"Impressions nabies" à la BnF : quand une poignée de peintres novateurs s'emparait de l'estampe à la fin du XIXe siècle

Bonnard, Vuillard, Denis, Vallotton... Les grands noms se bousculent. L'exposition se concentre sur la décennie 1890-1900 durant laquelle ces peintres ont excellé dans l'art de l'estampe et de l'image imprimée.

Article rédigé par Valérie Gaget
France Télévisions - Rédaction Culture
Publié
Temps de lecture : 9min
Détail d'une œuvre d'Edouard Vuillard, "Paysages et intérieurs. A travers champs" (3e état) , Ambroise Vollard (Paris), 1899 (BIBLIOTHEQUE NATIONALE DE FRANCE)
Détail d'une œuvre d'Edouard Vuillard, "Paysages et intérieurs. A travers champs" (3e état) , Ambroise Vollard (Paris), 1899 (BIBLIOTHEQUE NATIONALE DE FRANCE)
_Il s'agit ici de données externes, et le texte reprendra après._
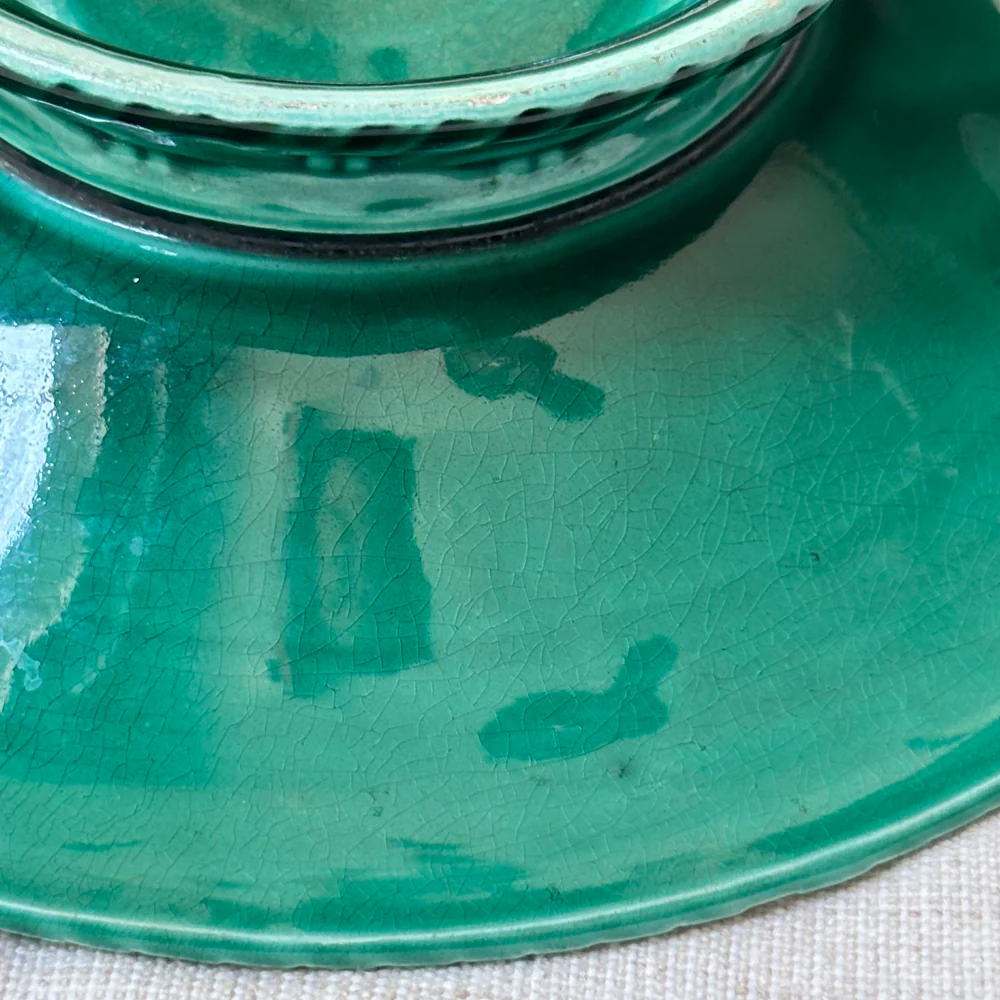 Vintage Majolica Leaf Pedestal Compote (M14) - Image 6
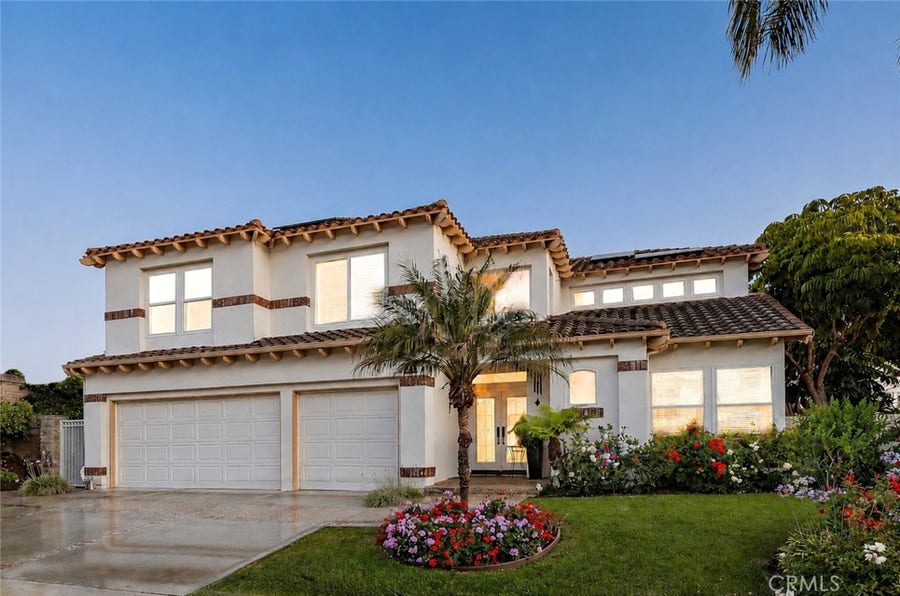 Property photo for 14 Pembroke Ln, Laguna Niguel, CA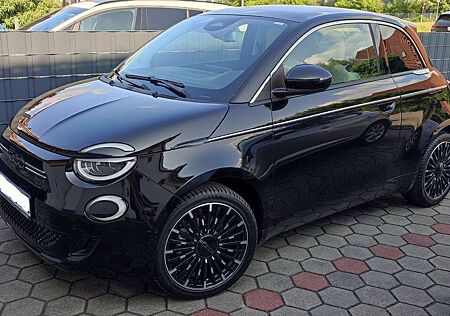 Fiat 500E 42kWhla Prima (by Bocelli)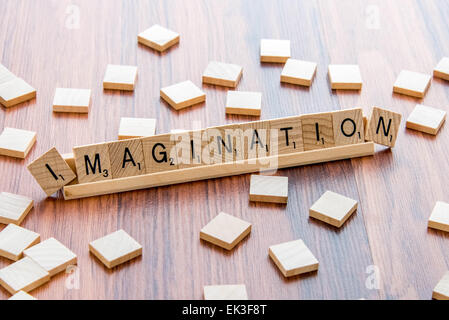 4 avril 2015 : Houston, TX, USA - Jeu de mots Scrabble carreaux bois Imagination orthographe Banque D'Images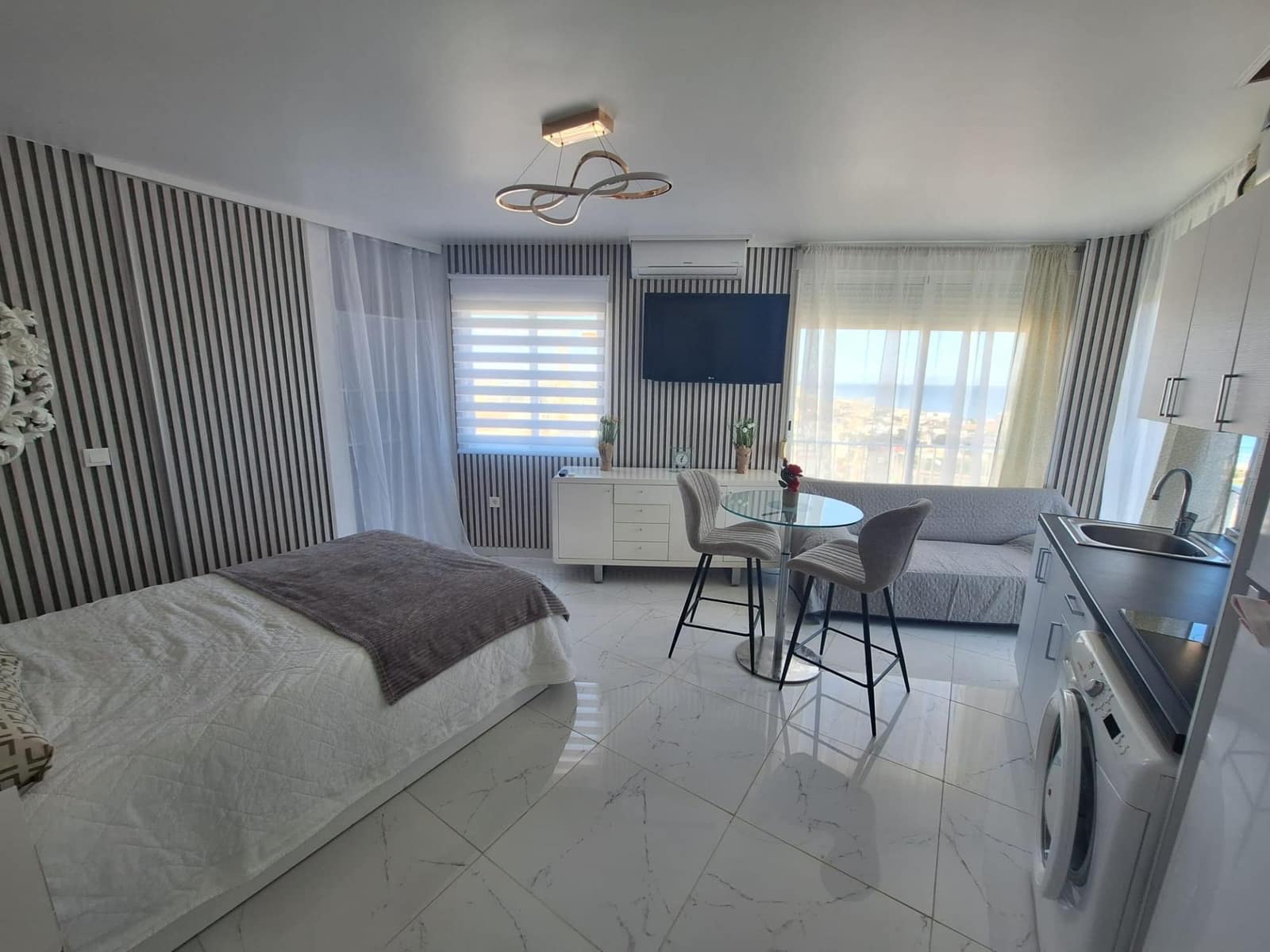 1 chambre Studio à vendre à Torrevieja - 115 900 € (Ref: 9608061)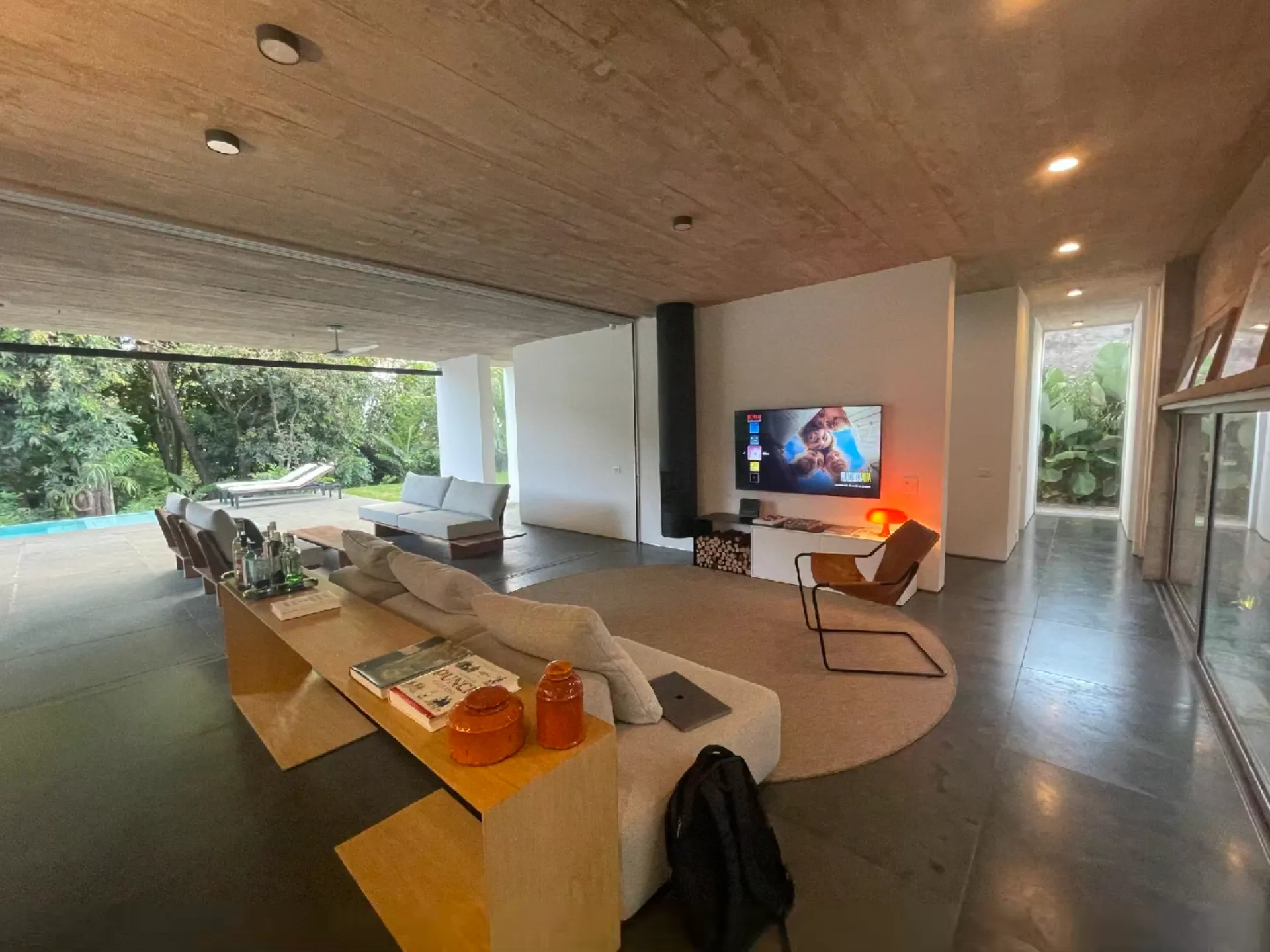 Casa em Bauru com 2100m² e 2 suites, 4 vagas 13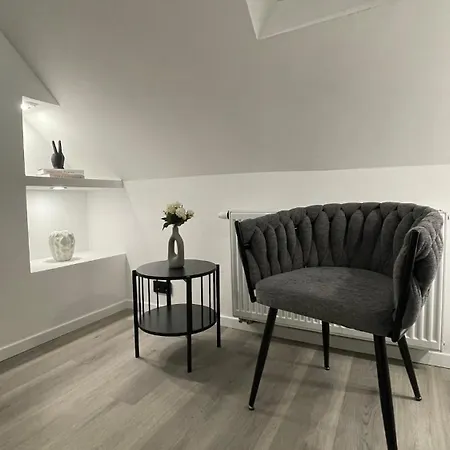 Apartment 3-zimmer-apartment In Schildesche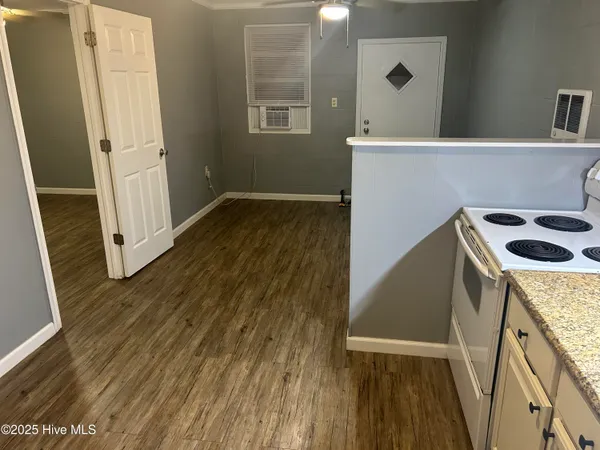 $775 | 203 Morton Street, Unit 5, Jacksonville, NC 28540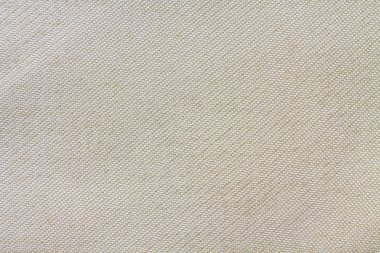 Beyaz kumaş dokusuna bükümlü bazaltik camlı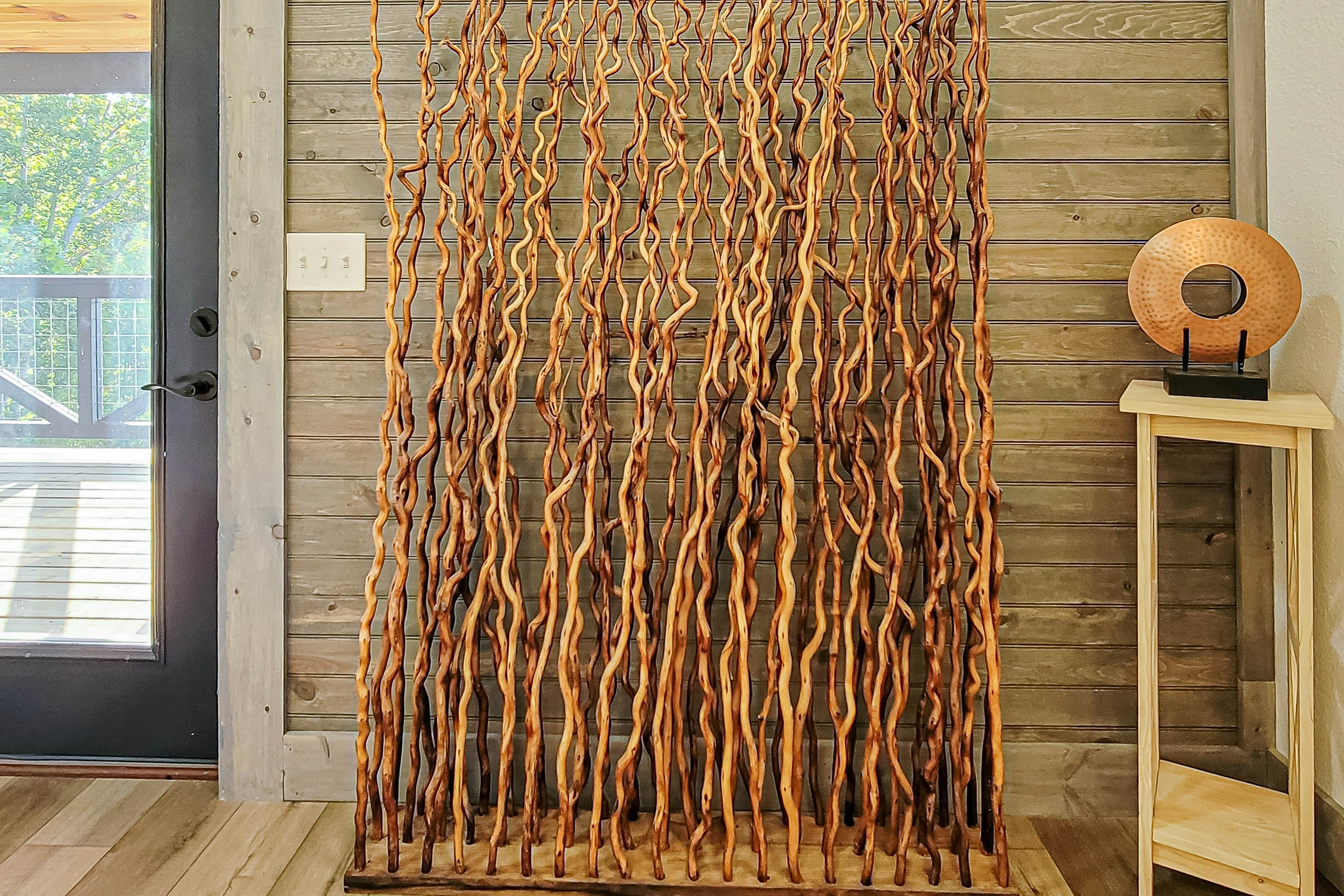 Beautiful Lakefront Home・Game room・Movie Room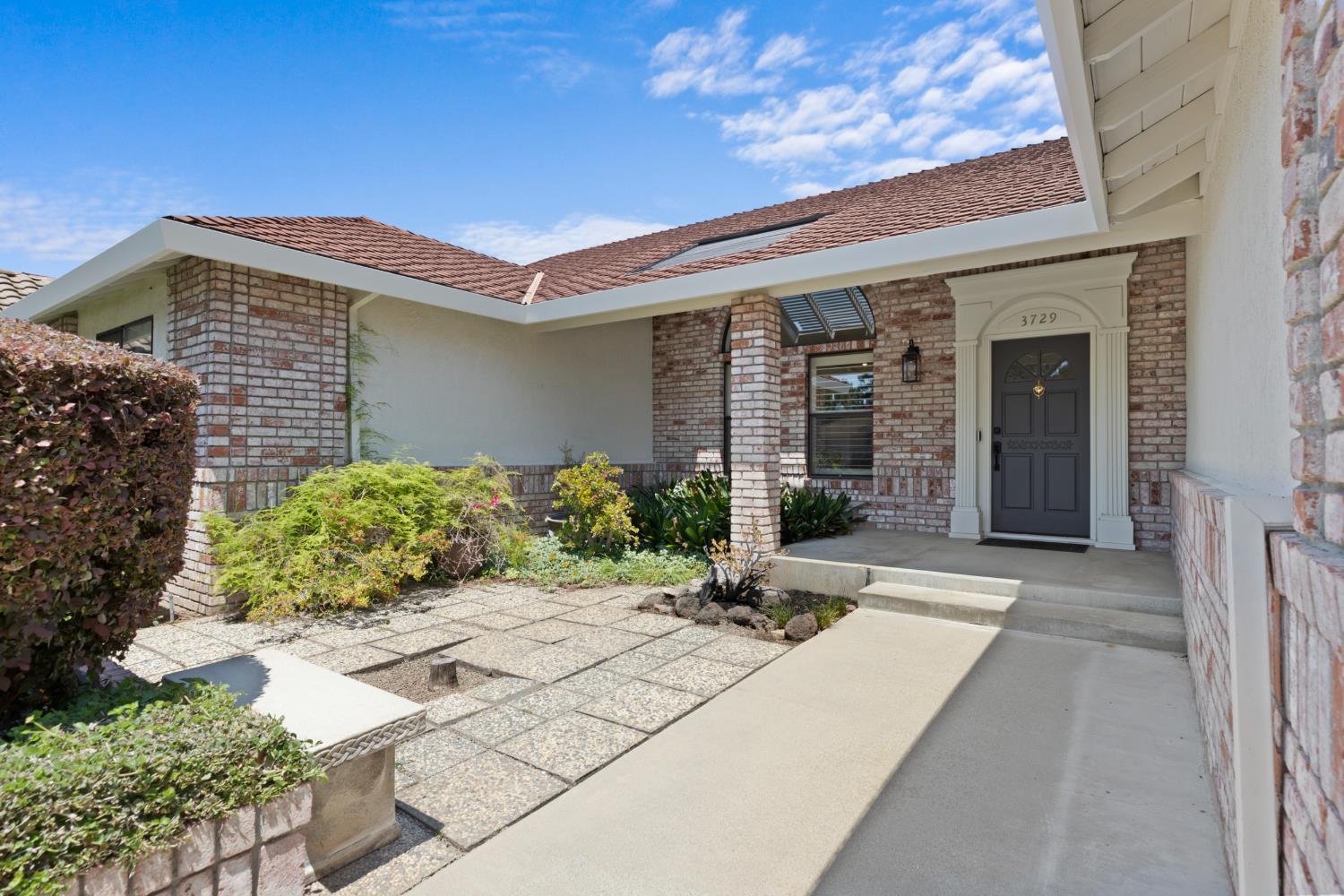 3729 Springcreek Drive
Dans l'ancien palais du cardinal Mazarin, le site Richelieu de la Bibliothèque nationale de France (BnF) accueille jusqu'au 11 janvier 2026, une exposition sobrement baptisée Impressions nabies. Valérie Sueur-Hermel, l'une des commissaires, rappelle que "les Nabis, c'est un surnom que de jeunes artistes se sont choisi à la fin du XIXe siècle pour se distinguer des autres. Ce mot signifie prophète en hébreu. Ils l'utilisaient entre eux. Cela faisait d'eux des sortes d'initiés".

Céline Chicha-Castex, l'autre commissaire de l'exposition, ajoute que "l'art qu'ils souhaitent diffuser est celui de Paul Gauguin et de l'estampe japonaise, une nouvelle manière de voir les choses". Les Nabis veulent être prophètes en leur pays et surtout en leur temps, "à rebours de toute l'éducation académique". Le théoricien de ce groupe de peintres,  Maurice Denis, parle quant à lui de "néo-traditionnisme".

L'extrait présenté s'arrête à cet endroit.